ST Joseph’s Doora-Barefield’s stunning defeat of county champions Doonbeg has underlined the changing demographics of Clare football. Couple this with Cratloe’s advancement to the semi-final and the fact that Wolfe Tones should really have beaten Kilkee and there is clear evidence that West Clare’s football power base is eroding rapidly.
It is a common belief in the west that this development is not good for Clare football. The fact that many Cratloe, Doora-Barefield and Wolfe Tones footballers are dual players is held as evidence against them. The view is that these players will opt to play hurling, rather than football, for Clare if they have a choice to make.
However, before anybody in West Clare suggests that the rise of East and Mid-Clare football is bad for the game in the county, they should examine why many players from their own areas don’t represent the county. If some of the top footballers in West Clare can’t be bothered playing for Clare, why should it be highlighted if footballers from dual clubs opt to play hurling and not football for the county?

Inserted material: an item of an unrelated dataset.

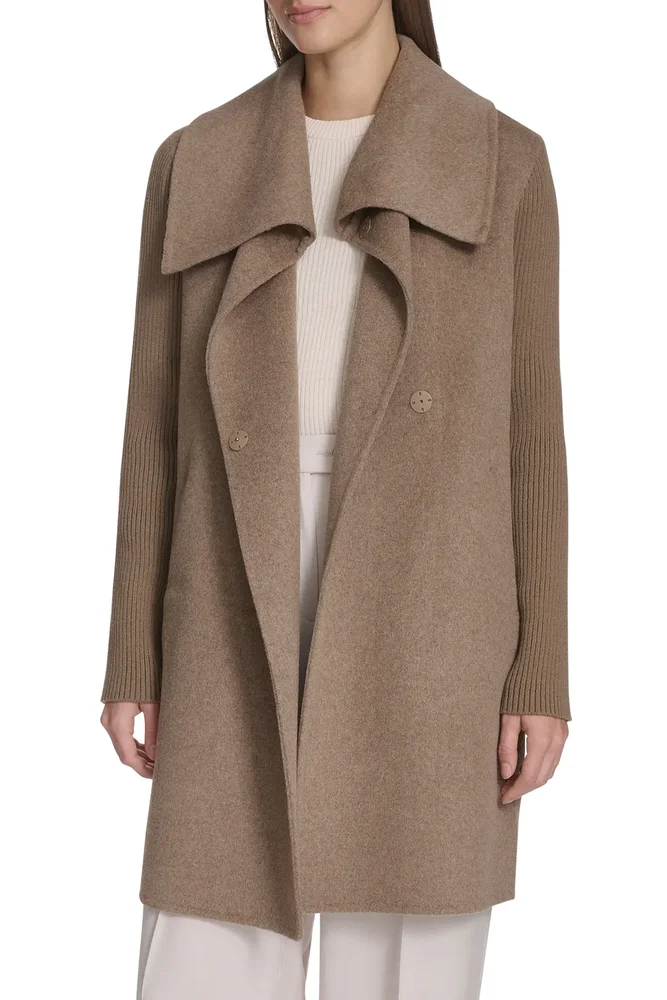 Rib Sleeve Mixed Media Coat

That argument aside, population trends has much to do with the apparent demise of football in West Clare. Many of the best players in most West Clare club teams, including Kilkee, Doonbeg, Kilrush and Cooraclare, are closer to 40 than they are to 20. Clubs are simply not producing sufficient numbers of young footballers to be able to allow their older veterans to move on before the last ounce is dredged from them.

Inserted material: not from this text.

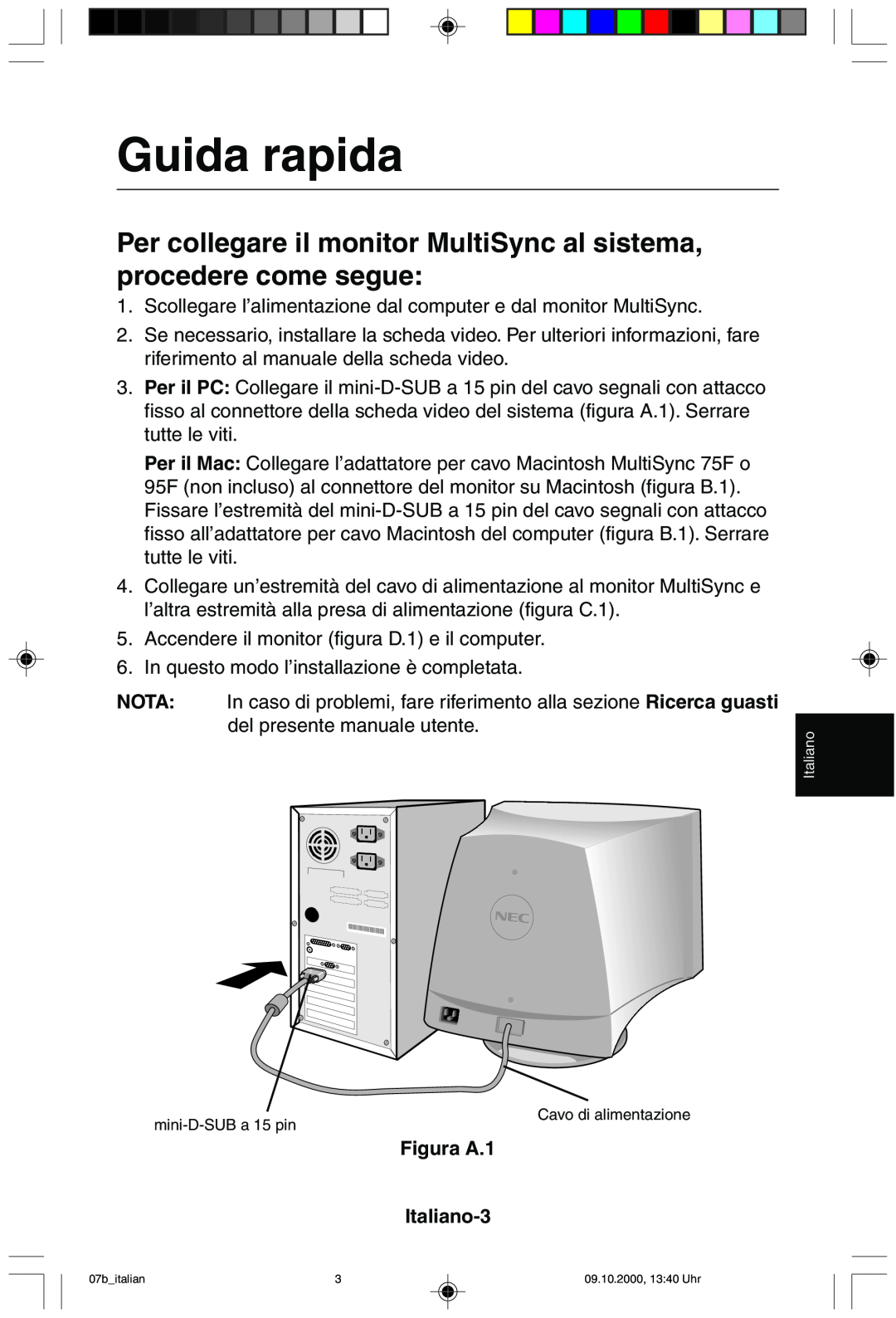 NEC 95F Guida rapida, Per collegare il monitor MultiSync al sistema, procedere come segue, Nota, Figura A.1 Italiano-3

Aside from Kilmurry Ibrickane and the odd individual in a range of other clubs, the best young players in the county currently represent Cratloe, Wolfe Tones and Doora-Barefield.
Podge Collins, Cathal McInerney, Conor McGrath (Cratloe); Gary Leahy, William Flynn, Craig O’Brien (Wolfe Tones); Enda Lyons, Stephen Collins and Alan O’Neill (Doora-Barefield) are just a handful of the talented young footballers lining out for those clubs.
Very soon several West Clare clubs are going to have to take brave decisions and amalgamate with their neighbours and possibly form entirely now clubs. Even though Kilkee may well win Sunday’s quarter-final replay against Wolfe Tones and qualify for the semi-final, the club might have to link up permanently with O’Curry’s and Naomh Eoin in the next three or four years. Most of Kilkee’s leading players are over 30 and it will be very difficult for them to be competitive at senior level in five years.
The aforementioned amalgamation would give players from Kilbaha to Kilkee the chance to play senior football and therefore help to improve the game in West Clare.
Shannon Gaels and Killimer linked up four years ago and other clubs may have to consider a similar course of action if the standard of the game in West Clare is to avoid dipping further.
However, for now the focus is on Cratloe and Doora-Barefield, who have added real excitement to this year’s championship. Given that St Joseph’s were virtually gone before their defeat of Shannon Gaels, their transformation is particularly remarkable. Of course, elements in that club and indeed in Cratloe and Wolfe Tones might feel that the rise of football in those clubs might derail their hurling ambitions. One would never think that hurling and football belong to the same organisation.